What is a Technical SEO Content Audit?
In a general sense, an SEO content audit is an actionable inventory of indexable content that’s organized in ways to better determine what to consolidate (or remove!), what to improve upon, and what to leave as-is.
In this exercise, we are going to look into the specific technical content issues of a website that can cause indexing issues in the search engines that you may be able to detect in Google search console but may not be able to figure out, what’s causing the content to not get indexed.
This is not a Regular Content Audit
There is no shortage of regular content audit, templates and guides that mostly emphasizes some basic metrics that measure the success of different kinds of content in search rankings or in social media and suggest ways to find the optimum content plan. If you are looking to perform a content audit being a beginner, No doubt, they’re useful resources for those getting started, especially learning the basics like what metrics to include in a crawl report, how to organize your spreadsheets, and how to identify duplicate or redundant content.
However, most of these guides skip out the advanced technical SEO issues and high-level strategic perspectives.
Is All the Content on Your Page Discoverable by Search Engines?
This can be done by applying the following setting in the Crawl configuration.
This will display the original source HTML and the rendered HTML side by side in the View Source pane, allowing you to compare differences and assess whether or not critical content and links are actually interpreted in the rendered DOM. The Show Differences checkbox above the original HTML window speeds up the comparison process even more.
As you might expect, when search engines can’t access all of the URLs on a site, it causes a slew of issues for SEO. To see if your URLs are available and indexable, crawl the site with Screaming Frog and create a dashboard of URLs and the data linked with them.
If you have certain URLs on your site that should be indexed but aren’t being found, there are problems that need to be addressed.

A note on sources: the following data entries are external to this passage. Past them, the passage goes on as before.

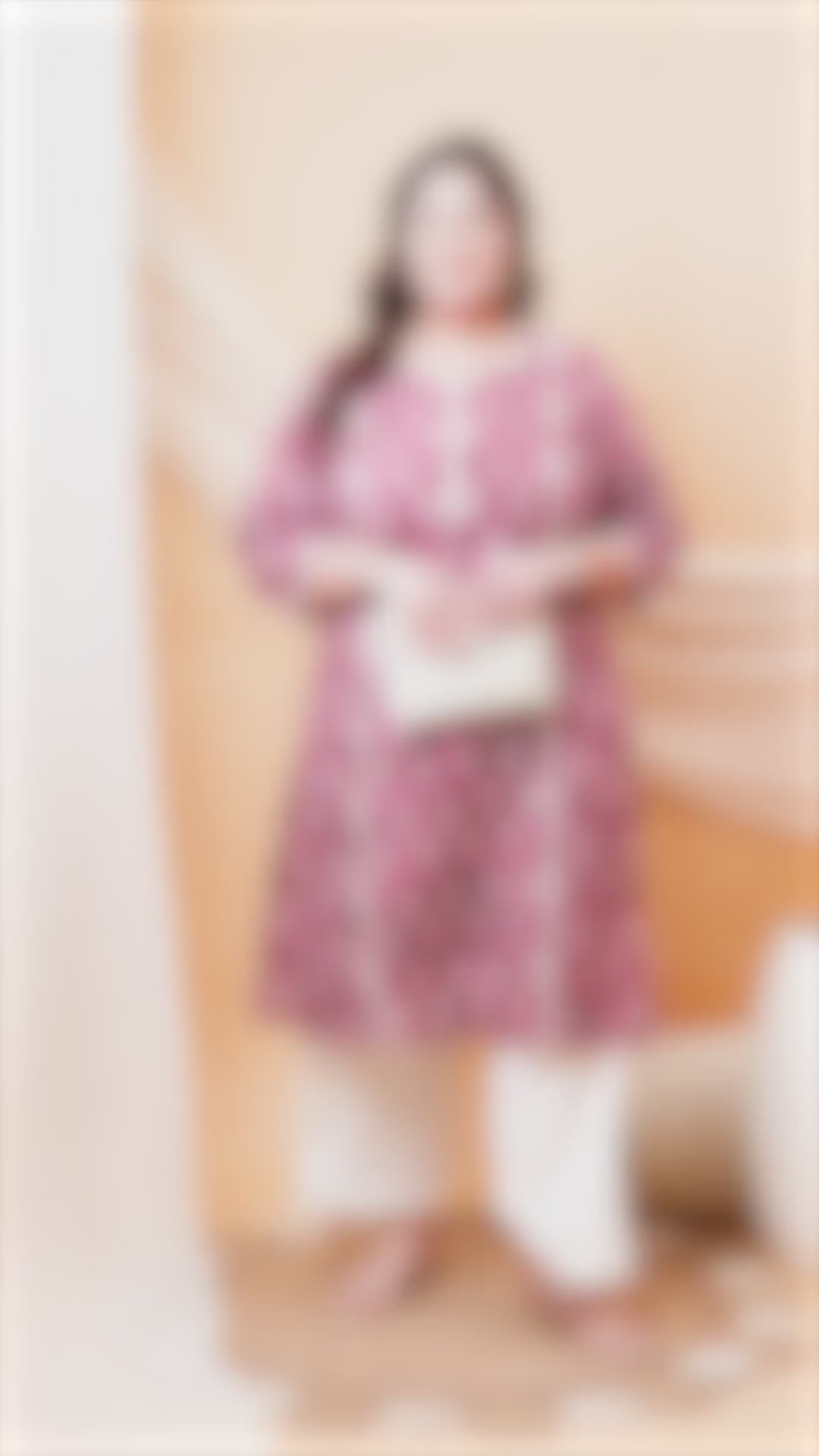 Women's plus size berry pink kurti featuring white floral motifs and delicate lace accents.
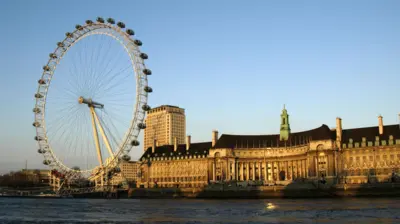 The London Eye in front of the former County Hall on the river Thames at sunset.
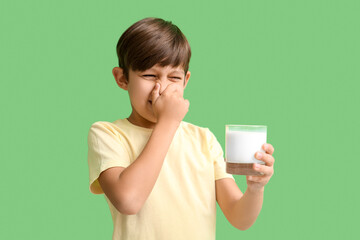 Little boy with lactose intolerance on color background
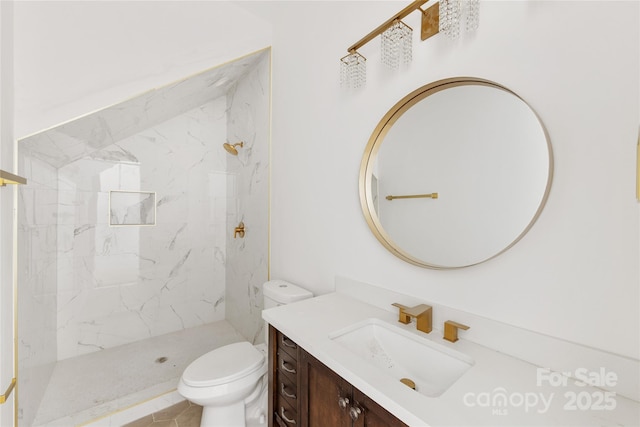 bathroom featuring vanity, a tile shower, and toilet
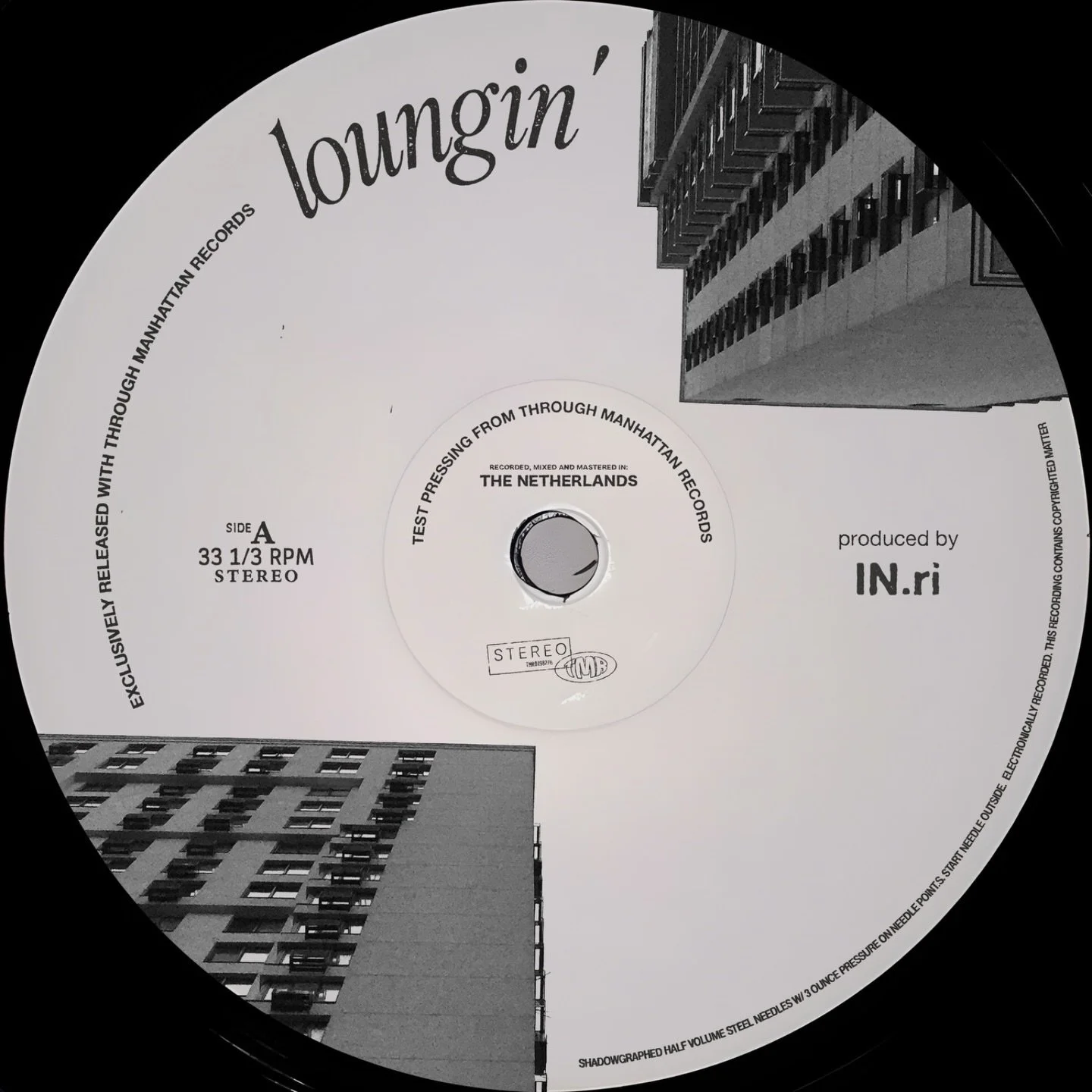 Black and white vinyl record label with the words 'Loungin'' and 'Produced by IN.r'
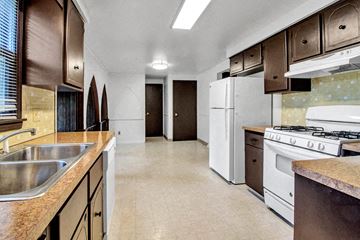 Tonawanda house for rent - a kitchen with a stove and a sink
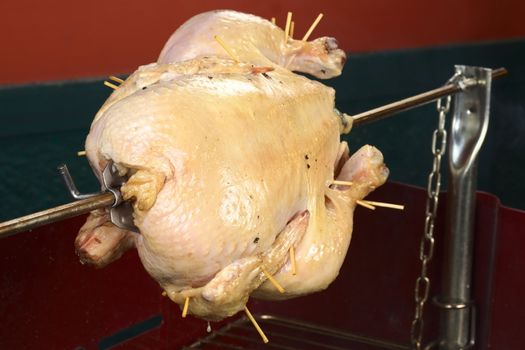 Whole chicken being grilled on spit over a charcoal barbecue (Selective Focus, Focus on the front of the chicken)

Some of the most common issues to consider on our pages:
- with blocked resources
- that contain a noindex
- that contain a nofollow
- that contain a different canonical link
- redirects being handled at a page level instead of at the server request
- that utilizes a fragment URL (or hash URL)
Core Web Vital Audit and Optimize for Page Speed
While SEO and user behaviour metrics are the most typically employed when doing a content audit, Core Web Vitals can potentially move the needle.
While a fast website cannot compensate for poor-quality content that fails to fulfil the demands of real consumers, optimising for page speed can be a differentiator that allows you to edge ahead in the “competitive race” that is SEO.
Simply defined, these metrics are intended to assess both page speed and user experience. The top three Core Web Vitals are as follows:
- Largest Contentful Paint (LCP) – measures the time it takes for the primary content on a page to become visible to users. Google recommends an LCP of fewer than 2.5 seconds.
- Cumulative Layout Shift (CLS) – measures the number of layout shifts that reposition a page’s primary, which ultimately affects a user’s ability to engage with content. Google recommends a CLS score of 0.1 or less.
If you need more insights on how to generate the Chrome UX Report check out our blog.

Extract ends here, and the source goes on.